3. If the GOJ were to pass a law prohibiting racial discrimination in line with the relevant human rights agreements and UN injunctions, would your work be done? Would such a law be both necessary and sufficient? If not, what is the ultimate end goal and when is good enough good enough?

If we get that law with enforceable penalties, I would have accomplished a life goal. The ultimate end goal, if at all reachable, is a society which not only recognizes any resident and contributor to a society as entitled to all its fruits and bound by its responsibilities as any other, but also seeks to make things better for anyone regardless of color, creed, yada yada yada, you get the idea. Of course, racial discrimination will not completely disappear – it exists in all societies even with laws against it. But the existence of potential lawbreakers is no excuse for not having a law. Especially when we know what good that law does – we have plenty of positive historical examples, even taking in account the hiccoughs and difficulties. Having one is is better than having an unequal society where people get shunted into castes from birth and can never reach their potential. No law means discrimination is not an illegal activity. By definition.

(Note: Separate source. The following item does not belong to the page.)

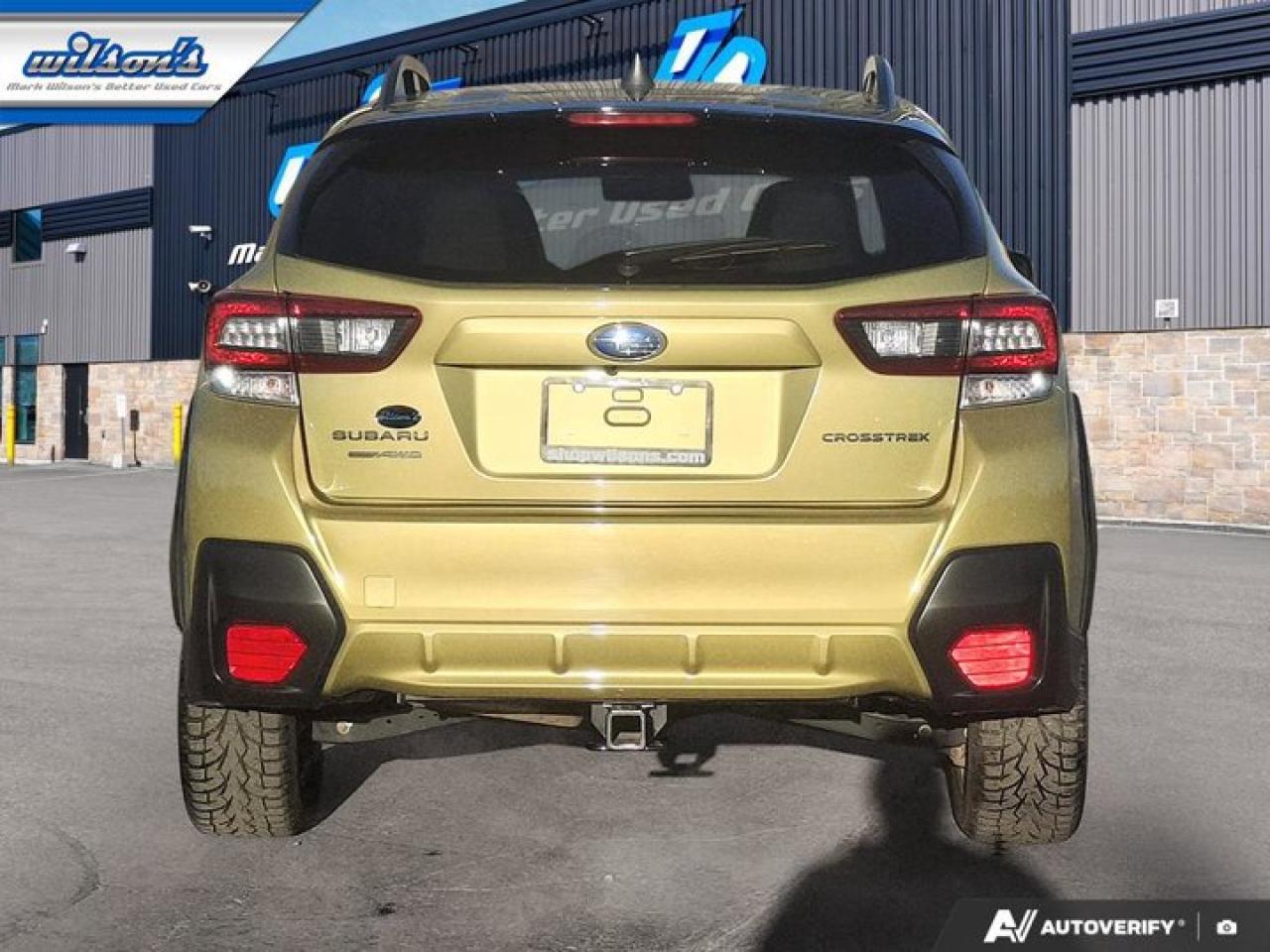 2021 Subaru XV Crosstrek Outdoor AWD | Leather | Heated Wheel + Seats | Adaptive Cruise | CarPlay + Android | Rear Cam & More Photo3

Case in point: What’s happening with “Japanese Only” rules is against the Japanese Constitution, Article 14. Yet there is no law in the civil code in specific to enforce to stop it. Hence it’s unconstitutional, yet not illegal. Why the half-assedness here? A law is necessary. Write it and enforce it well enough and it will be sufficient.

As always, we look forward to hearing what our readers think. Have at it.